Das Bündnis aus SPD und BSW hat im Landtag eine Mehrheit von zwei Stimmen, ohne Hornauf würde sie auf nur noch eine Stimme schrumpfen. «Manchmal disziplinieren enge Mehrheiten auch mehr als große Mehrheiten», meinte Crumbach. Die Mehrheit drohte in den vergangenen Tagen zu bröckeln.
Ärger um BSW-Abgeordneten
Seit einigen Tagen herrscht Unruhe in der BSW-Landtagsfraktion. Aufgrund von Streitigkeiten um den Abgeordneten Sven Hornauf fordert BSW-Fraktionschef Crumbach ihn auf, sein Landtagsmandat niederzulegen. Hornauf hatte gedroht, aufgrund von Kritik an der Stationierung des Raketenabwehrsystems Arrow 3 am Fliegerhorst Holzdorf nicht für den SPD-Regierungschef Woidke im Landtag zu stimmen.
Crumbach sagte: «Ich finde, wir haben auch eine Situation, in der er darüber nachdenken sollte, sein Mandat zurückzugeben. Wenn er das nicht tut, wird die Fraktion die weiteren Schritte beraten.» Bislang sei es nicht gelungen, mit Hornauf ein Gespräch zu führen – er ist im Urlaub. Woidke betonte, beide Parteien stünden zum Bundeswehrstandort Holzdorf und zu den Soldaten.
Umgang mit der AfD
Für den Umgang mit Anträgen von AfD und CDU im Brandenburger Landtag haben SPD und BSW eine Regelung vereinbart: grundsätzlich ablehnen. Davon sind Ausnahmen möglich – aber nicht immer, meint Woidke. «Bei Anträgen der AfD kann ich sie ausschließen.»

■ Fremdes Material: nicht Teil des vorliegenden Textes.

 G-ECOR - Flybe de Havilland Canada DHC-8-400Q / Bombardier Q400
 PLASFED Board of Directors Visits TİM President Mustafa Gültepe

Der BSW-Fraktionschef sagte jedoch: «Wenn eine Oppositionspartei allerdings konstruktiv an der Gestaltung Brandenburgs zum Besseren mitwirken will und das tut und sich dort einbringt, dann bin ich mir sicher, werden wir als Koalition uns dem nicht verstellen», sagte Crumbach. Der Verfassungsschutz stuft die AfD als rechtsextremistischen Verdachtsfall ein.
Kritik der Opposition
AfD-Fraktionschef Hans-Christoph Berndt meinte: «Diese Koalition wird eine Koalition des “Weiter so” sein in allen wesentlichen Fragen.» CDU-Fraktionschef Jan Redmann kritisierte, von einer Koalition aus SPD und BSW gehe kein Aufbruchssignal aus. Dagegen sagte Crumbach: «Die Handschrift des BSW ist deutlich erkennbar.»